Ou seja, o público brasileiro quer, sim, saber mais sobre essa operação criminosa. É trabalho da imprensa fazer com que um crime dessa magnitude seja tornado exemplar para que não volte a ocorrer.
Neste momento, dezenas ou até centenas de vítimas seguem sem nenhum apoio do Estado ou nenhuma compensação pelos traumas vividos. Elas continuam sozinhas. Nem Samuel Klein, que faleceu em 2014, nem todos os demais cúmplices tiveram que responder pelos crimes. Nem a Casas Bahia foi forçada a se posicionar em relação a esse abuso de poder econômico realizado dentro de sua sede ao longo de décadas.
Você não viu longas reportagens buscando explicar como a rede varejista mais querida dos brasileiros foi usada durante tanto tempo dessa maneira ou quais seriam as autoridades que deixaram de cumprir o seu dever.

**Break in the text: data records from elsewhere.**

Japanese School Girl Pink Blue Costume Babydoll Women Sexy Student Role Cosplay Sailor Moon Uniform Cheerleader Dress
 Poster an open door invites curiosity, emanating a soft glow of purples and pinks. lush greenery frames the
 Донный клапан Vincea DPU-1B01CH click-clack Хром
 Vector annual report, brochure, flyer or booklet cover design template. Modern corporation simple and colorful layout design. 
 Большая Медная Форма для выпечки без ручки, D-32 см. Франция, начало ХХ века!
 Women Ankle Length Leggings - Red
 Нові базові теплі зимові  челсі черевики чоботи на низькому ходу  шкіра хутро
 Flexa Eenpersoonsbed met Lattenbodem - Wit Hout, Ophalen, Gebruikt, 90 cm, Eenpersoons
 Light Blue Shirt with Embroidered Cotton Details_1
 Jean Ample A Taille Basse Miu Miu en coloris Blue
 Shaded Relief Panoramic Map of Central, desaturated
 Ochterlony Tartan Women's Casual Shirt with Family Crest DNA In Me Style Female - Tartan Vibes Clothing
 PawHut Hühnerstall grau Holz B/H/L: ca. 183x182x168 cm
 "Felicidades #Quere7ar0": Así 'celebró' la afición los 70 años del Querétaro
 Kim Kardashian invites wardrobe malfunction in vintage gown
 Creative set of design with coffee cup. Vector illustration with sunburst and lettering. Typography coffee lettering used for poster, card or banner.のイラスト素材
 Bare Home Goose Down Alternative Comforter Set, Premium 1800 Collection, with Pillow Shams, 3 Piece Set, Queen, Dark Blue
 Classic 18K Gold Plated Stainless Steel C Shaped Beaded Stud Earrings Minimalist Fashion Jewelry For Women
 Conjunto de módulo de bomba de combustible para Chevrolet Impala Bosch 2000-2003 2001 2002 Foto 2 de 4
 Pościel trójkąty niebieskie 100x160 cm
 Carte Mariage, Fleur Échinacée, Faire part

Quem eram os seguranças e motoristas? Quem eram os advogados que tentaram silenciar essas mulheres? As implicações econômicas e contábeis, também, deveriam merecer espaço nos jornais de negócios. Como a empresa mascarava esses pagamentos retirados na boca do caixa? Houve contadores que ajudaram a encobrir essa rede criminosa?
São todas perguntas para as quais o jornalismo deveria buscar respostas. Por que não estamos respondendo, como imprensa? Por que estamos deixando de cumprir nosso papel?